The recent decision in Thomas International Limited v Humantech Pty Ltd  FCA 541, highlights when the Court will grant an interlocutory injunction to compel the transfer of domain names.
Thomas International was an Internet business that provided psychological testing services. In 2007 they entered into a Master Licence Agreement with Humantech under which Humantech was granted exclusive rights to select distributors to sell Thomas’ products in South Africa and Australia. Additionally, under a particular clause in the licence agreement, Humantech were prohibited from selling, marketing or distributing competing products.
Sometime later, Thomas wished to terminate the Master Licence Agreement based on the discovery that Humantech had breached the agreement by selling products in competition with that of Thomas’.
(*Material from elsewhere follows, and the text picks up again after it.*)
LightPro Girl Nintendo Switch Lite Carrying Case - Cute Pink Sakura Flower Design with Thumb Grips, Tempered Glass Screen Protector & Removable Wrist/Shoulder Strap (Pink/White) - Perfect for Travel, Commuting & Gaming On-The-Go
In May of this year Mr Schutte, director of Humantech, in settlement discussions made an undertaking that they would do all things required for the transfer of the domain names they used back to Thomas. The parties however could not agree of the terms of the arrangement and Thomas initiated proceedings in the Federal Court for an interlocutory injunction to have the undertaking of the transfer of the domain names enforced.
The Court found in favour of Thomas and ordered the transfer of the domain names from Humantech back to Thomas based on the failure on behalf of Humantech to comply with the undertaking made during settlement. The injunction was also subject to an undertaking given by Thomas that compensation would be provided to any third party who would be inconvenienced by the transfer of the domain names.
The case highlights how the value of domain names is very significant, especially for online businesses. It also brings to light other modes of relief for aggrieved parties under exclusive license agreements, and those seeking domain names to be transferred.